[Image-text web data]
━━━━
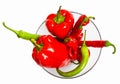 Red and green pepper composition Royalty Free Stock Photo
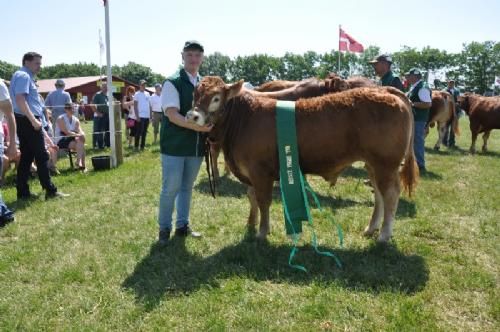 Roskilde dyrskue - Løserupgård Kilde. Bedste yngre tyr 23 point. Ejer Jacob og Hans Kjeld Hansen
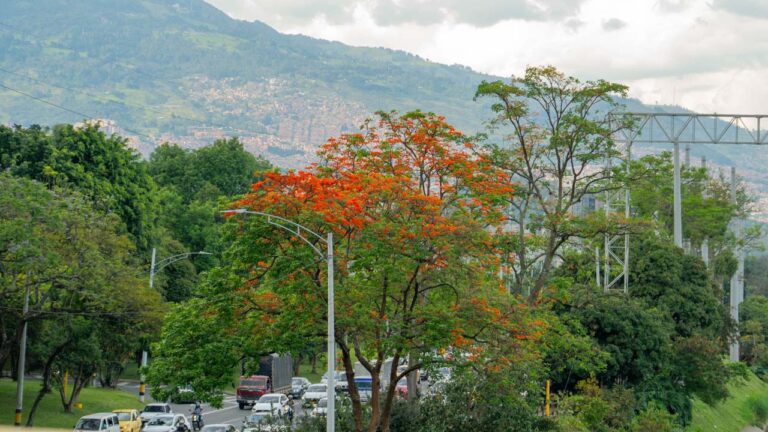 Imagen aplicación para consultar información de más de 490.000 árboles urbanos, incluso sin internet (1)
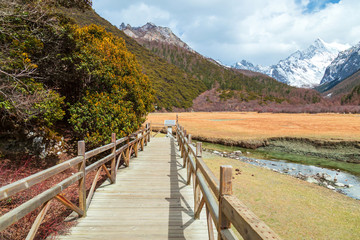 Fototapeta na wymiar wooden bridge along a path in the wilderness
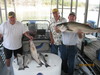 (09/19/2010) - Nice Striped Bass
━━━━
### Activity
Reproduce all entries without any change, and omit the pictures.

### Finished task
 Red and green pepper composition Royalty Free Stock Photo
 Roskilde dyrskue - Løserupgård Kilde. Bedste yngre tyr 23 point. Ejer Jacob og Hans Kjeld Hansen
 Imagen aplicación para consultar información de más de 490.000 árboles urbanos, incluso sin internet (1)
 Fototapeta na wymiar wooden bridge along a path in the wilderness
 (09/19/2010) - Nice Striped Bass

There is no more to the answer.